++++ Entries shown ++++
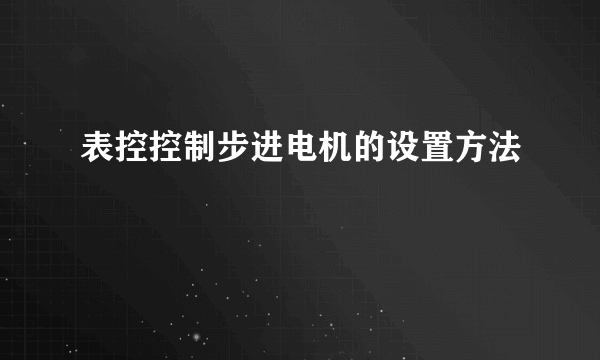 表控控制步进电机的设置方法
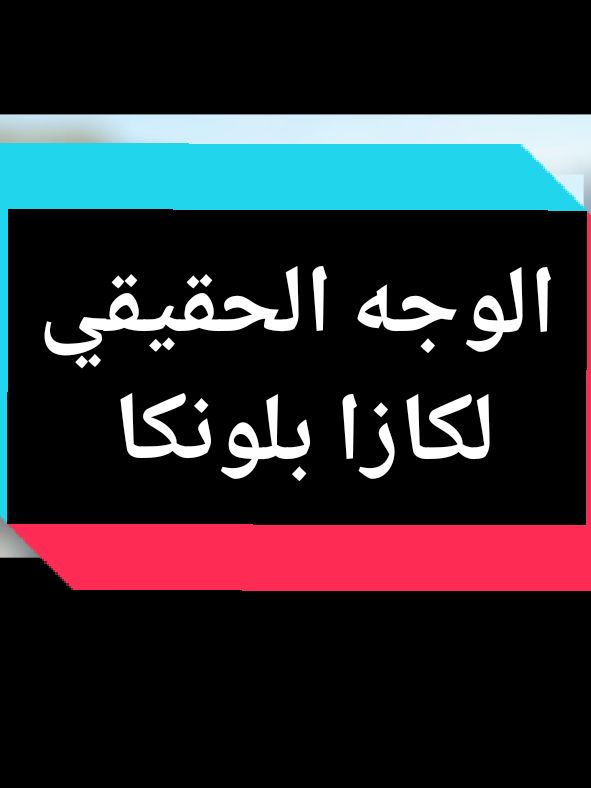 الوجه الحقيقي لمدينة الدار البيضاء المغربية كازا بلونكا #azedinab1 #paris #tik_tok #explore #الشعب_الصيني_ماله_حل😂😂 @رضوان فروحي @lallajoumanamarocaine @lallajoumana marocaine @lalla joumana @عز الدين 02 AZEDIN @عز الدين 02 AZEDIN @عز الدين 02 AZEDIN 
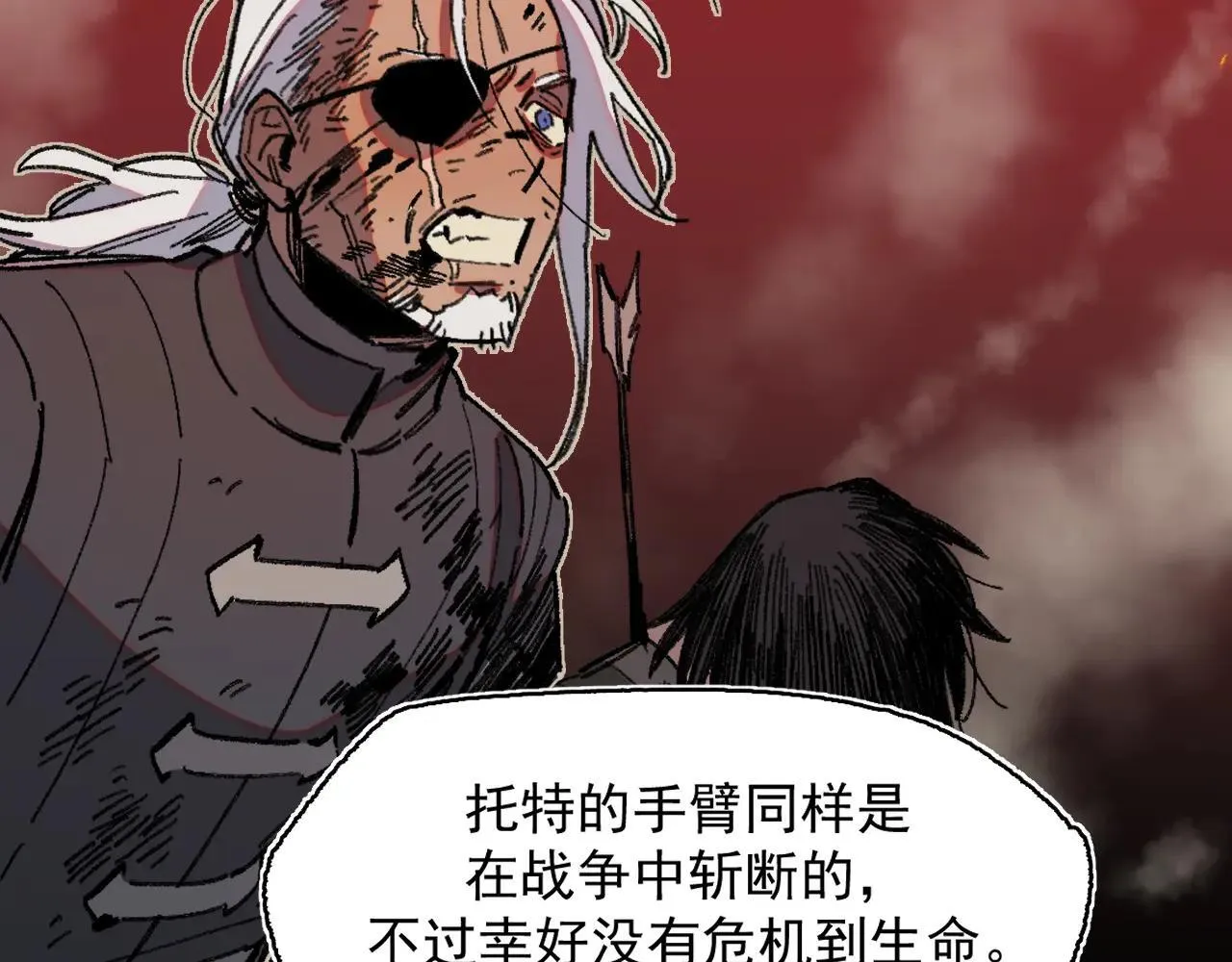 33-明天之后 第55页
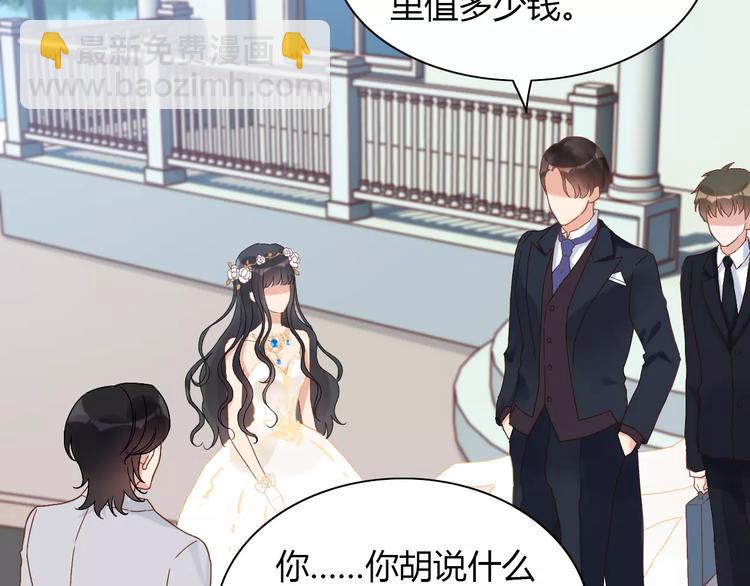第16话  背叛50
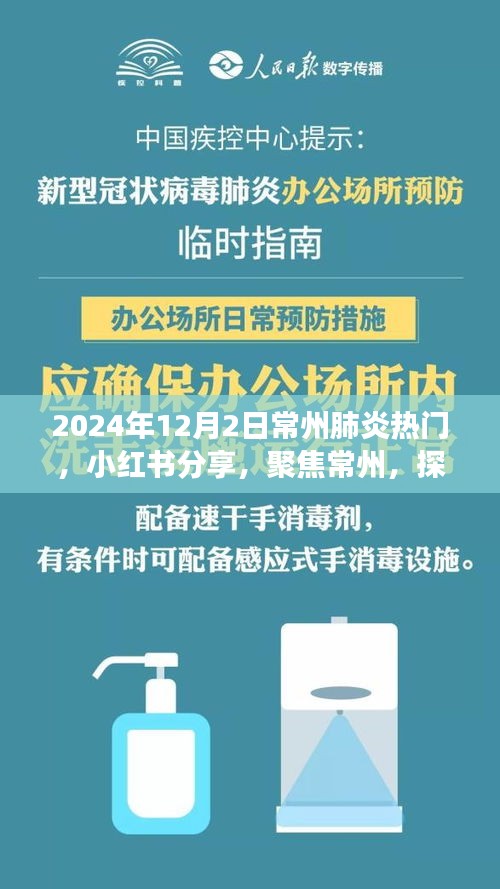 探寻常州肺炎热门背后的故事，小红书观察报告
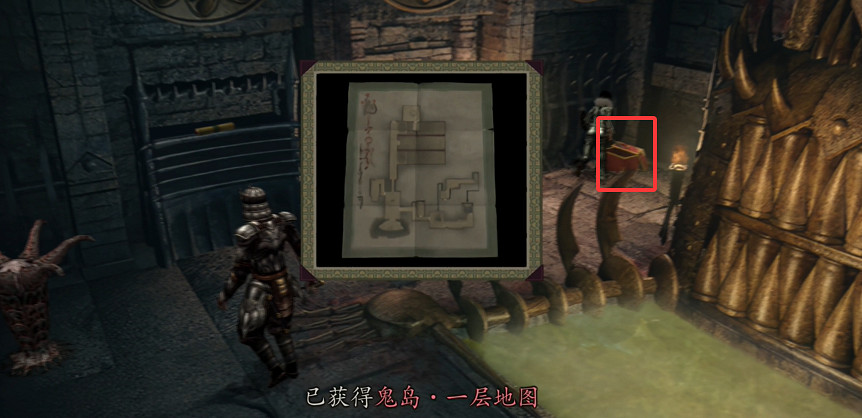 《鬼武者2重製版》圖文攻略 全寶箱密碼全收集流程攻略 《鬼武者2重製版》圖文攻略 全寶箱密碼全收集流程攻略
++++
→ **Task prompt**
Say again, word for word, every line from the one with "33-明天之后 第55页" through the last line of the data above, minus the pictures.

→ **Worked solution**
 33-明天之后 第55页
第16话  背叛50
 探寻常州肺炎热门背后的故事，小红书观察报告
 《鬼武者2重製版》圖文攻略 全寶箱密碼全收集流程攻略 《鬼武者2重製版》圖文攻略 全寶箱密碼全收集流程攻略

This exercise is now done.